● **What you will do**
The answer must consist solely of the lines from the start of the records through the line containing "超バリ溝！24年！キレイ！ほぼ10分★スタッドレス 175/65R15 グッドイヤー", restated word for word, with no pictures.

(Short web captions)
━━━━━━━━━━━━━━━━━━━━━━━━━━━━━━

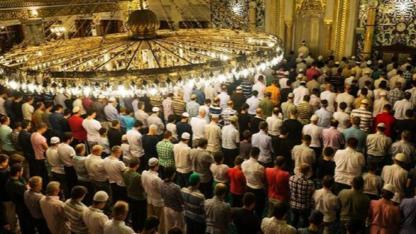 İl İl Bayram Namazı Saatleri 2026: Diyanet Paylaştı! Çanakkale, İstanbul, Ankara, İzmir Bayram Namazı Saat Kaçta?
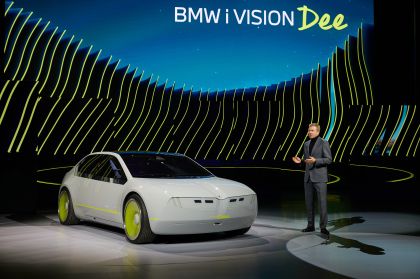 2023 BMW i Vision Dee concept 52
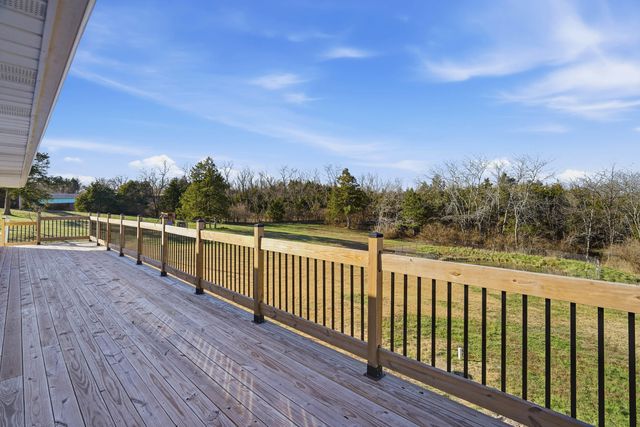 6445 N WAGON TRAIL RD, Columbia, MO 65202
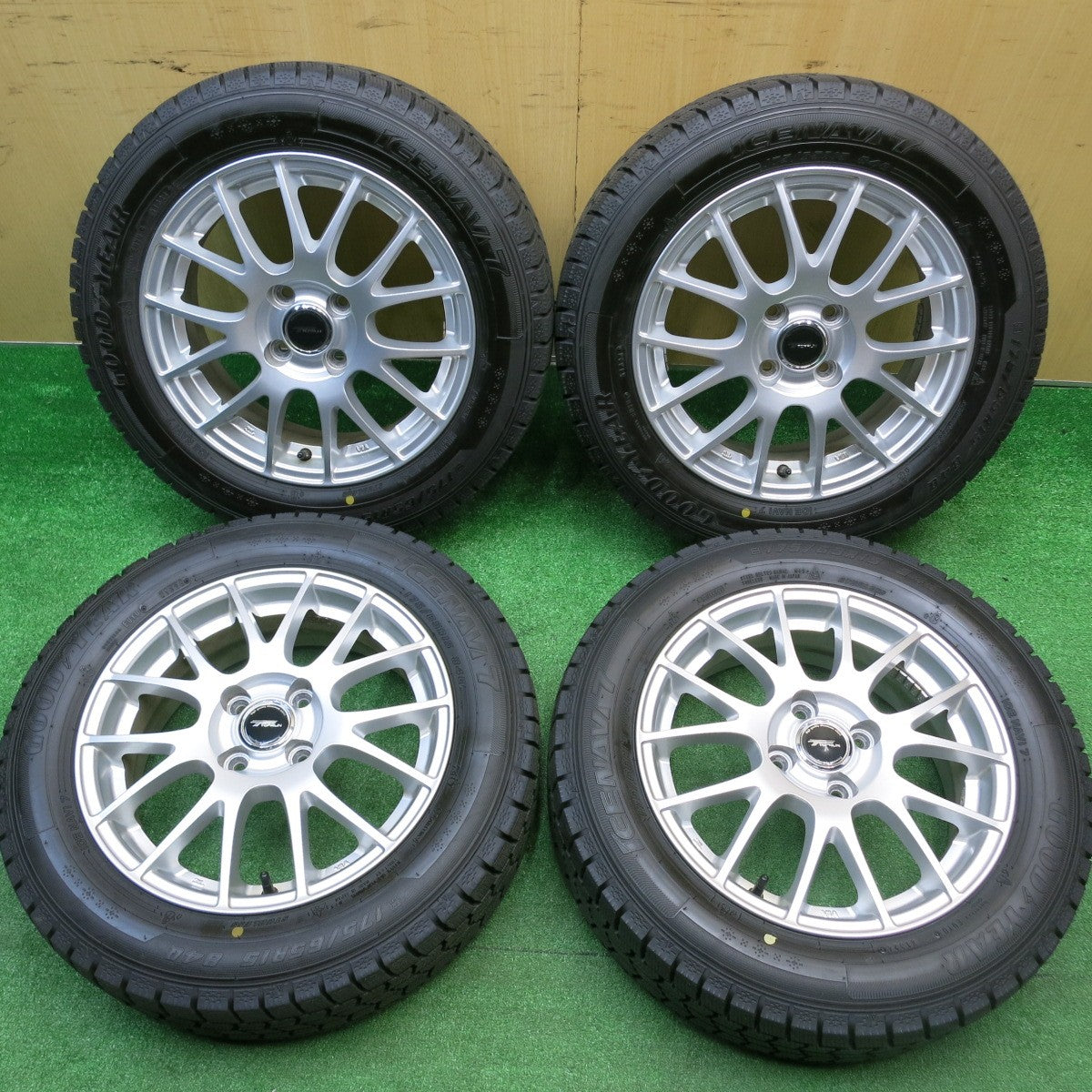 超バリ溝！24年！キレイ！ほぼ10分★スタッドレス 175/65R15 グッドイヤー アイスナビ7 TOPRUN トップラン 15インチ PCD100/4H★5110609HAス
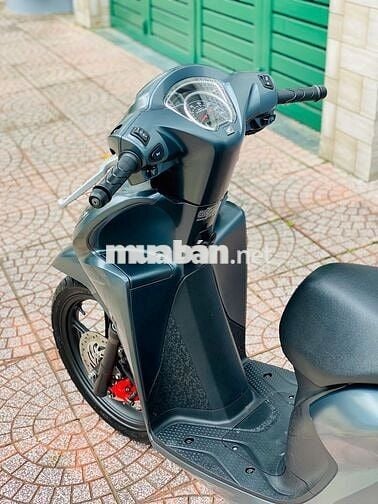 HONDA  VISION PHIÊN BẢN THỂ THAO BÁNH LỚN  5000KM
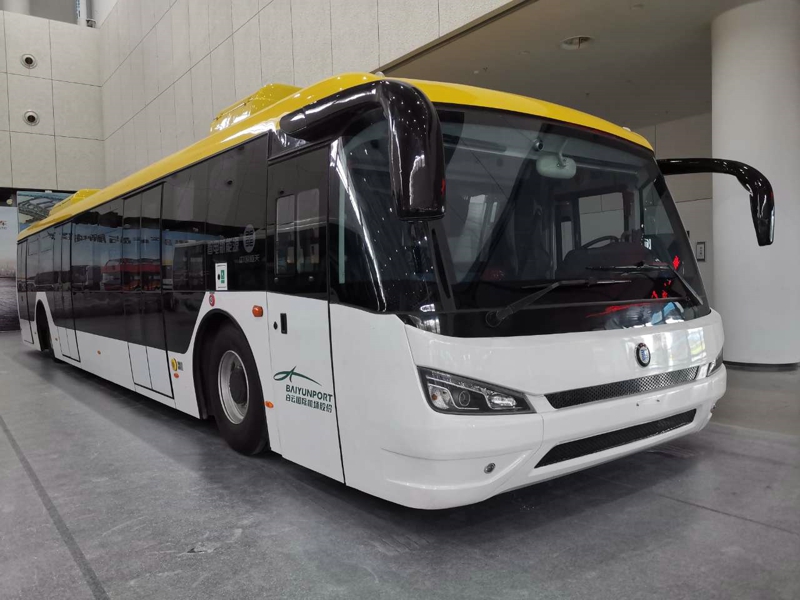 南京恒天領銳汽車有限公司也展出3款產(chǎn)品，一款是純電動自卸車，另外兩款則是一輛公交車和一輛機場擺渡車。圖為南京恒天領銳展出的機場擺渡車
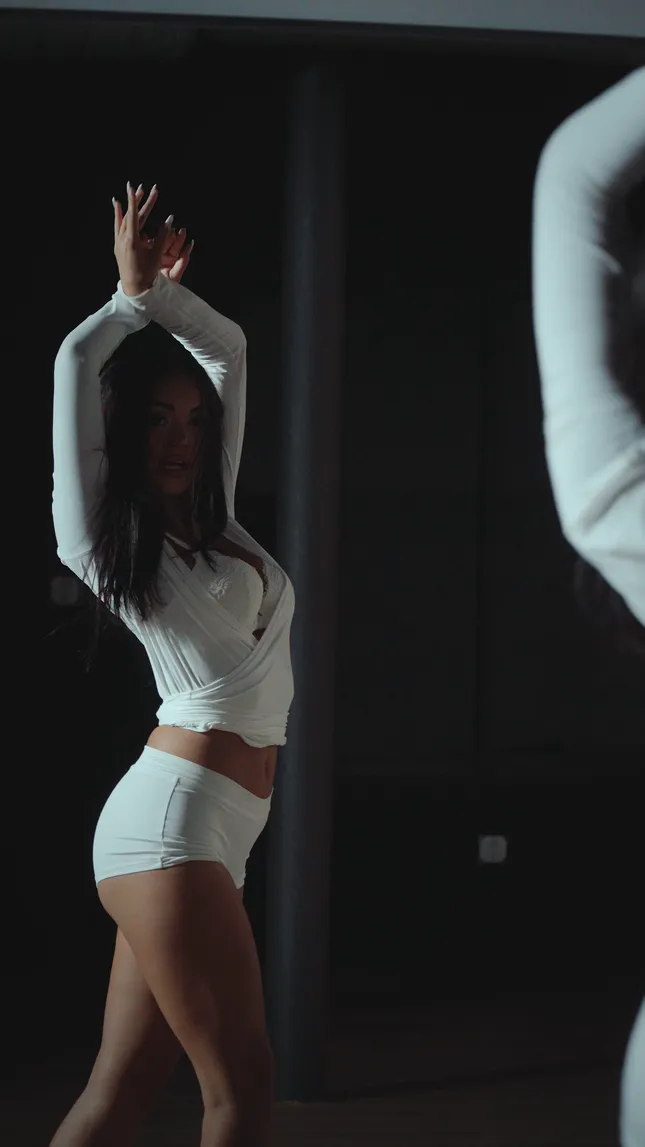 “FAN OF ME” - Michaela Ludlow - Single Roll Out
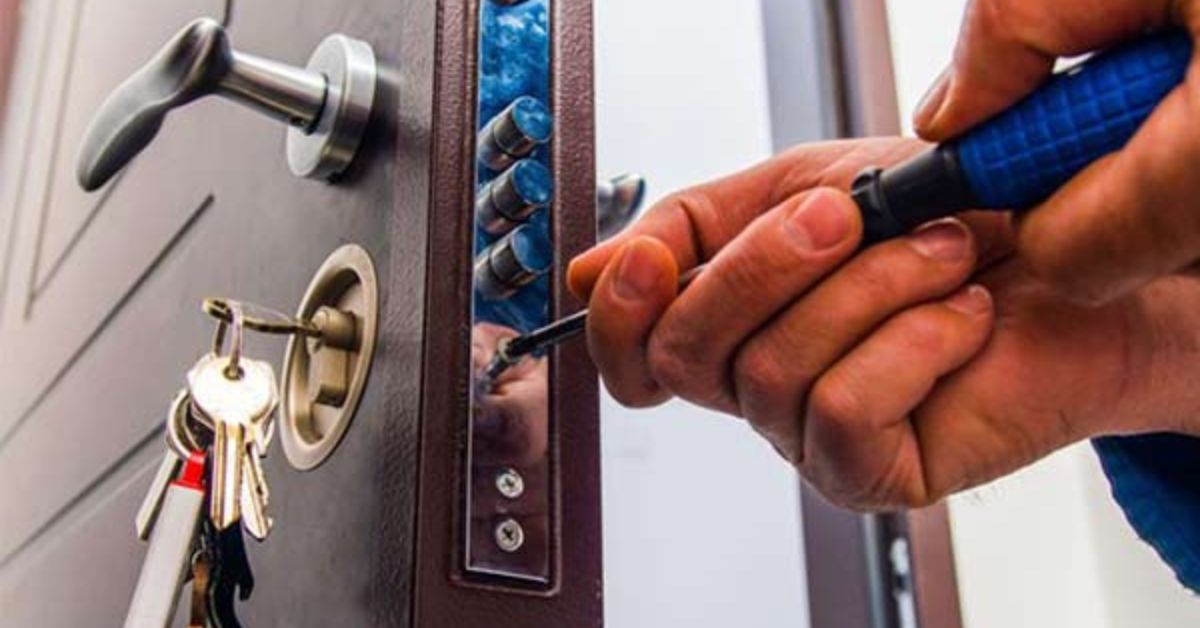 Why Smart Locksmithing is the Future of Home and Business Security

━━━━━━━━━━━━━━━━━━━━━━━━━━━━━━

● **Completed exercise**
 İl İl Bayram Namazı Saatleri 2026: Diyanet Paylaştı! Çanakkale, İstanbul, Ankara, İzmir Bayram Namazı Saat Kaçta?
 2023 BMW i Vision Dee concept 52
 6445 N WAGON TRAIL RD, Columbia, MO 65202
 超バリ溝！24年！キレイ！ほぼ10分★スタッドレス 175/65R15 グッドイヤー アイスナビ7 TOPRUN トップラン 15インチ PCD100/4H★5110609HAス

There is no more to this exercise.